The element of conformism has been clear in its uncritical accommodation of the new regimes (French, Dutch, Belgian, Nazi, or European), but in this the legal profession and the legal journals have merely been a reflection of the population at large. A specific ground for conformity might have been the so-called Gesetz des Wiedersehens in a small, closed community *44 . This condition might have been enhanced by the paucity and biographical intertwinement of the number of people involved in the process of judicial decision-making (it was not uncommon for a bourgeois or aristocratic family to turn out prominent judges, legislators, professors, and attorneys generation after generation). Yet another element is that many attorneys (and even judges in the early years of independence) were members of Parliament and therefore had other forafor discussionat their disposal.

Polarisation instead of conformism, on the other hand, has been obvious in the long struggle for Flemish emancipation, a struggle that has now become mainstream and innocent. One might say that nowadays the brunt of polarisation and critique is borne by the judiciary through the active use of fundamental rights juncto constitutional review. 

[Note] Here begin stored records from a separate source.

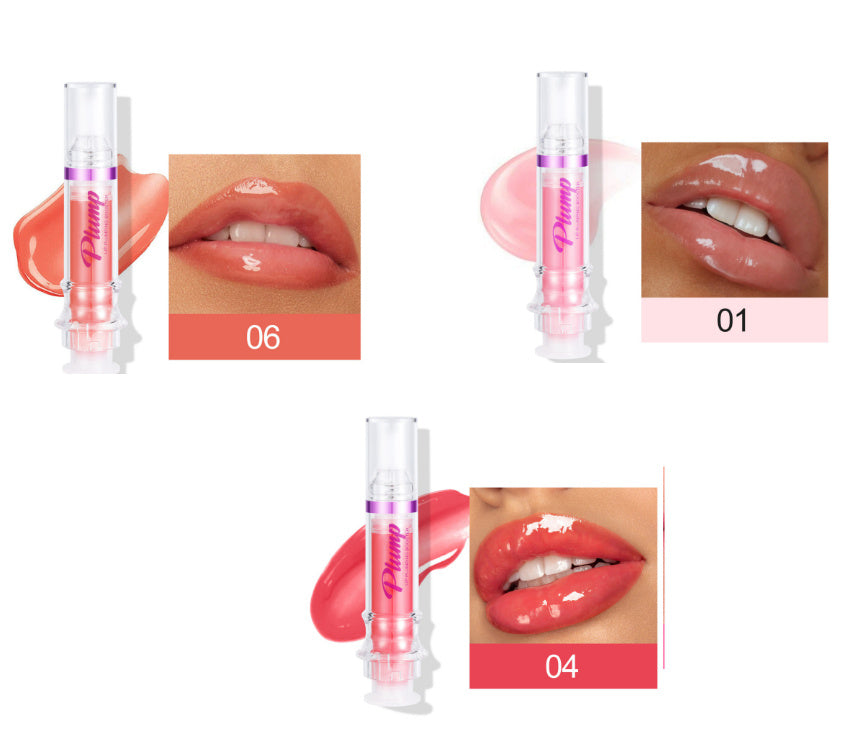 Spicy Glossy Liquid Lipstick Mirror Shine Honey Tint Tube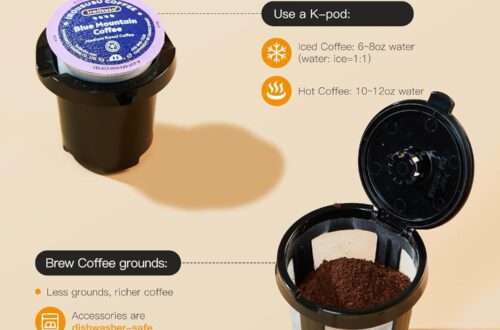 Best Coffee Maker – Tastyle Mini Hot and Iced Coffee Maker Review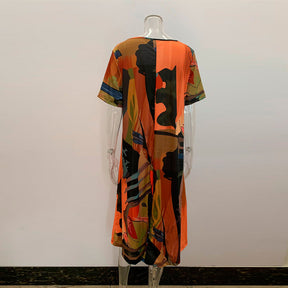 Vestido Midi Adelaide Verão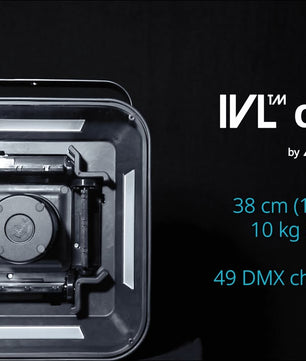 Minuit Une IVL Dice | 4-Tilt Laser Beam Fixture | 200W Volumetric Lighting System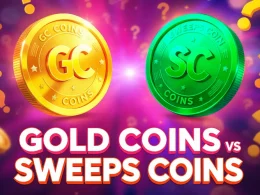 Difference between Gold Coins and Sweeps Coins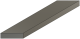 12x5 mm Flachstahl Bandstahl Flacheisen Stahl Eisen bis 6000mm entgratet Gehrung beidseitig gleichlaufend liegend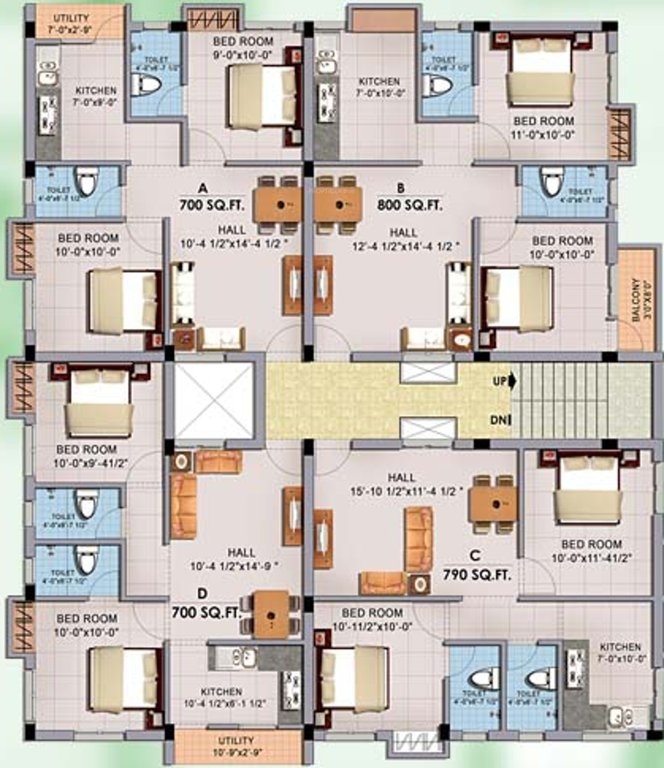 Images for Cluster Plan of SMA Elegant Square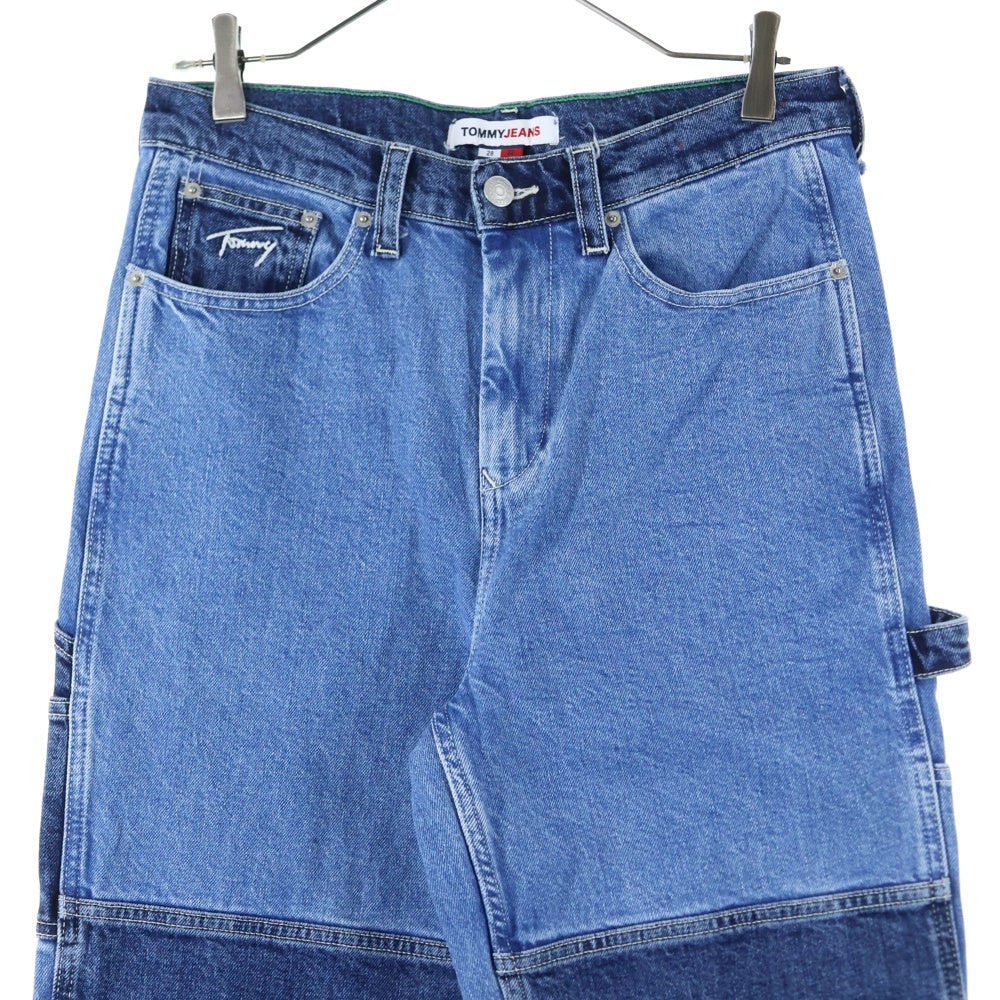 TOMMY JEANS(トミージーンズ) ペインター 切り替え デニム パンツ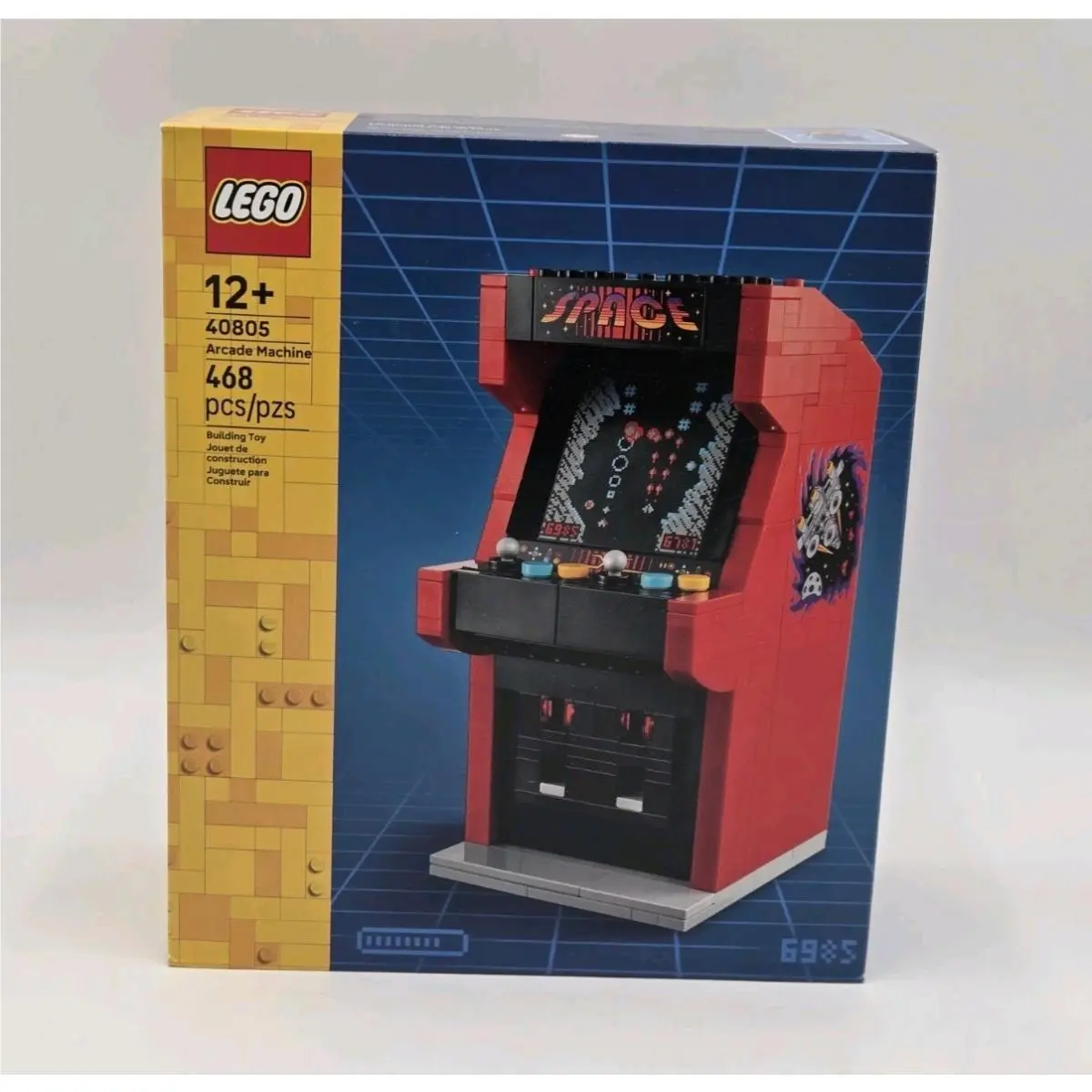 Lego 40805 Arcade Machine - Building Set 468 Pieces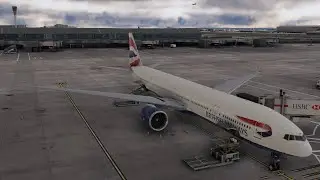 PMDG Boeing 777 Caribbean Ops Joined By REAL 777 Pilot! ✈️EGLL → MYNN → MBPV → MYNN✈️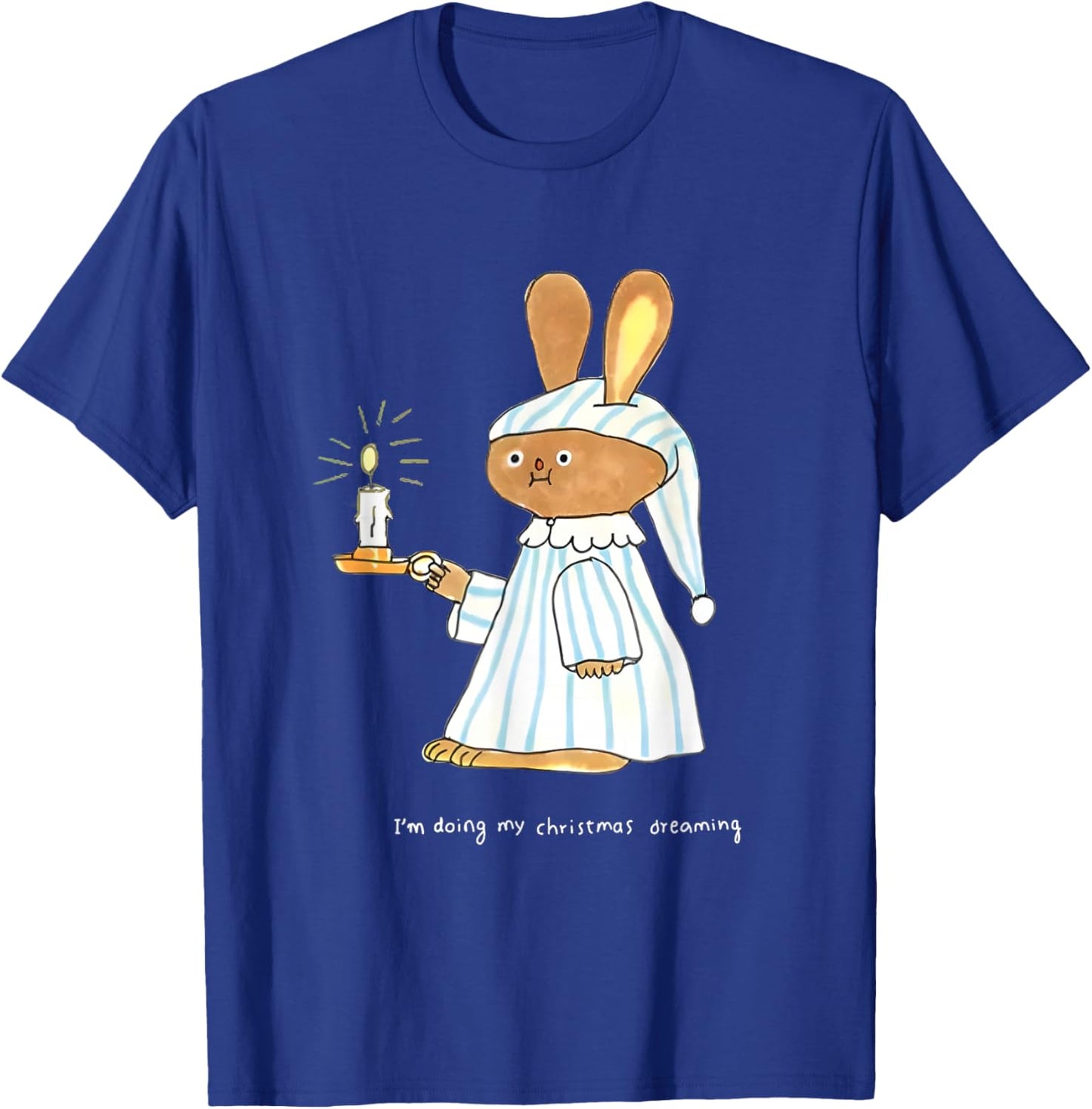 My Christmas Dreaming Lauvey Fan Gift Christmas T-Shirt - T-Shirt | Royal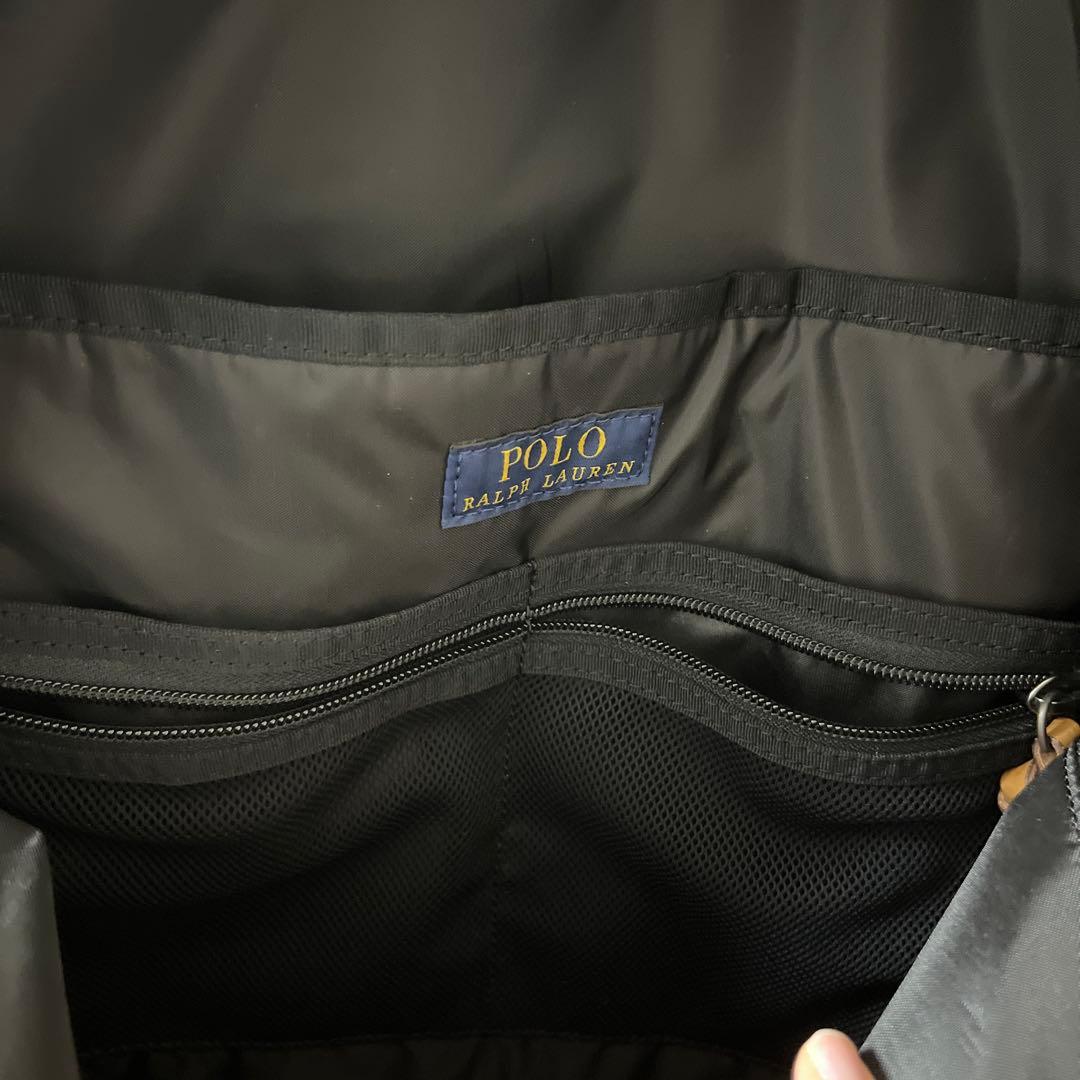 【美品・値下げ】Polo Ralph Lauren 黒 リュック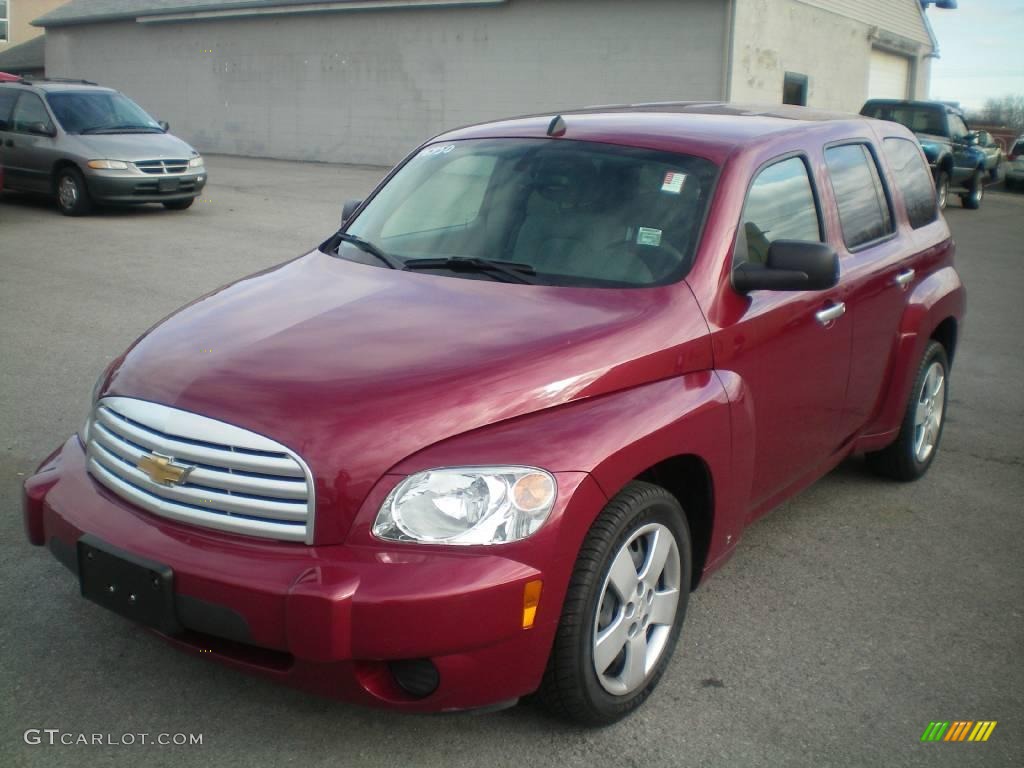 2006 HHR LS - Sport Red Metallic / Gray photo #1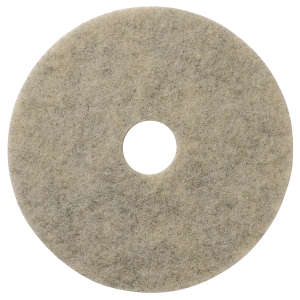 Americo,  Porko Plus Burnish Round Floor Pad, 27", Gray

Indeed, Belgium is no exception to the universal phenomenon of shifting balance between basic rights and procedural democracy, caused by the reification process if not autopoiesis of fundamental and human rights. In this constellation, the legality of democratic legislation is being subordinated to a ‘higher’ type of legitimacy, leaving only very limited possibilities for changing the structure and outcome of policies. *45 This year however saw the publication of a harsh critique of the European Court of Human Rights’ activism in asylum matters by none less than the co-president of the Belgian Constitutional Court. *46 It does remain rather uncommon for a Belgian jurisconsult to lament a supra-national institution’s trangression of competence...

I would like to conclude by remarking that the similarities between the Flemish/Belgian and Estonian starting points (small language and national awakening, dominating presence of a foreign legal tradition, early industrialisation, legal class that is limited in size, etc.) offer ample scope for future comparative research.